» **The data**
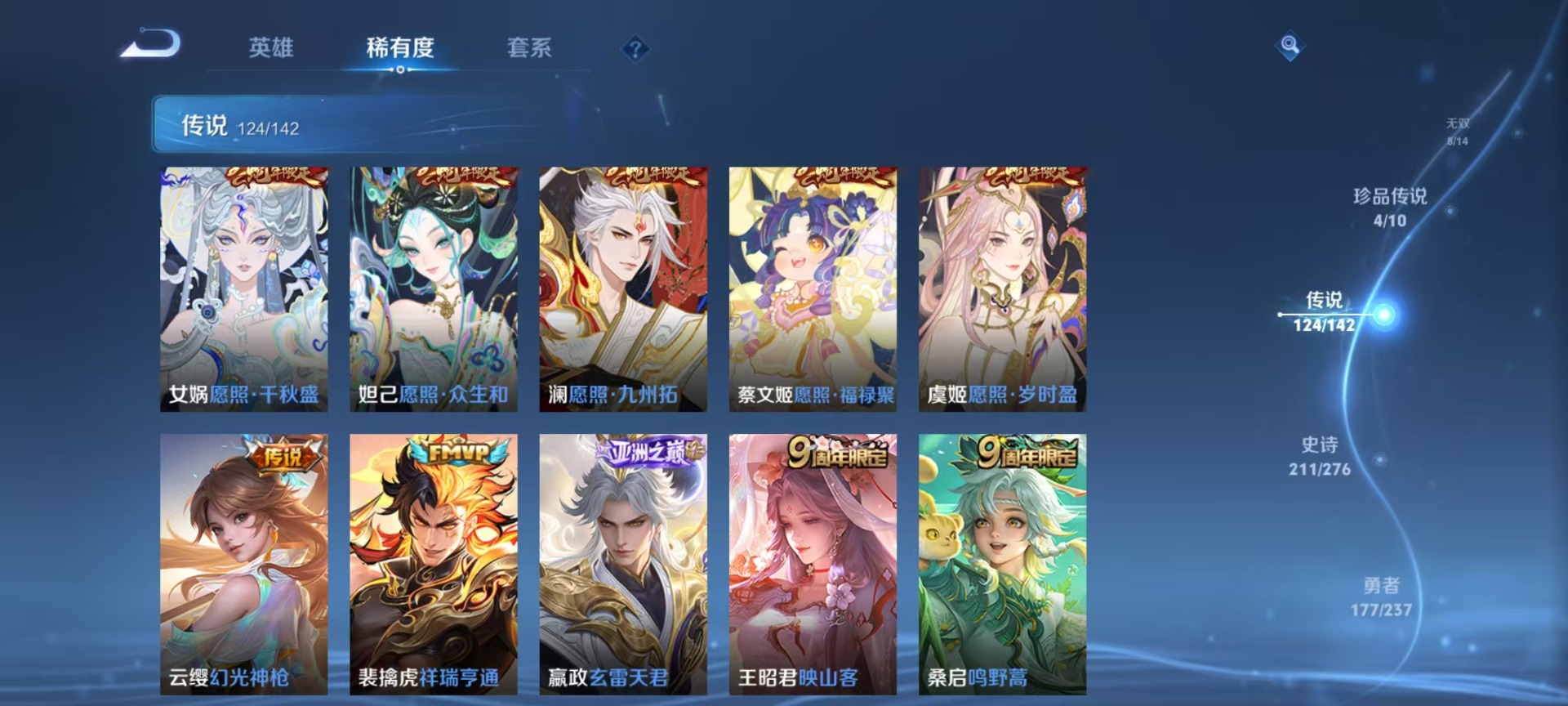 WZQM4253707王者荣耀账号详情图29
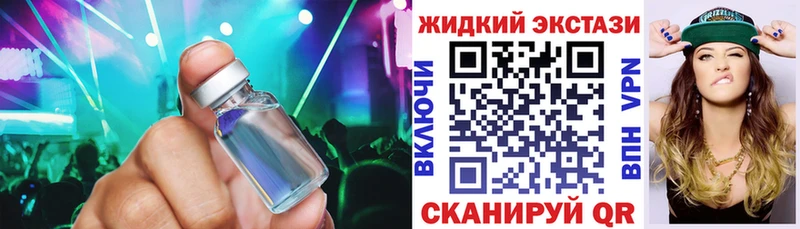 БУТИРАТ бутик  Купить закладки  Темников 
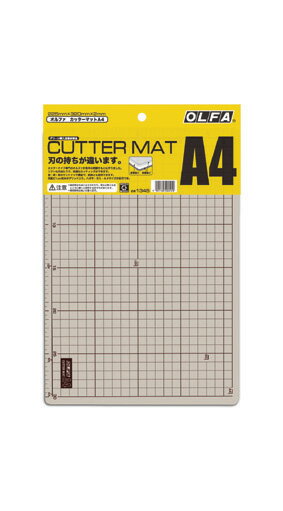 Large Cutter - OLFA オルファ マット 134B カッターマットA4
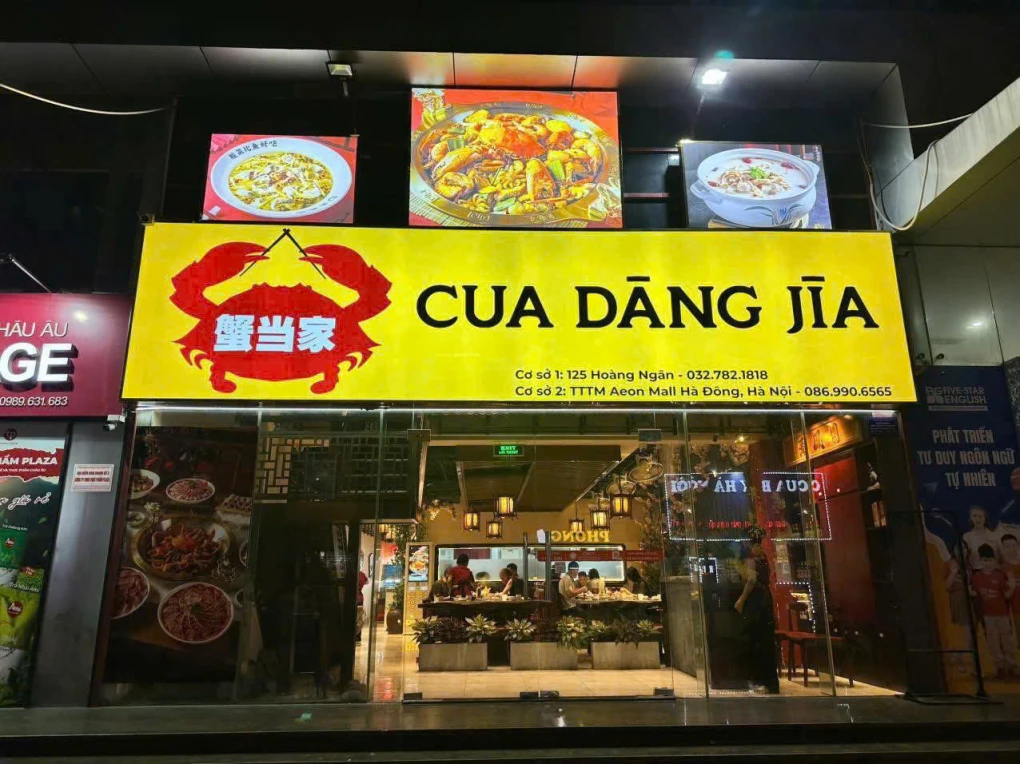 SANG NHƯỢNG NHÀ HÀNG VỊ TRÍ ĐẮC ĐỊA – HOÀNG NGÂN, CẦU GIẤY, HÀ NỘI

» **Problem to solve**
Exact output of each line above is wanted, without the pictures.

» **Problem solution**
 WZQM4253707王者荣耀账号详情图29
 БУТИРАТ бутик  Купить закладки  Темников 
 Large Cutter - OLFA オルファ マット 134B カッターマットA4
 SANG NHƯỢNG NHÀ HÀNG VỊ TRÍ ĐẮC ĐỊA – HOÀNG NGÂN, CẦU GIẤY, HÀ NỘI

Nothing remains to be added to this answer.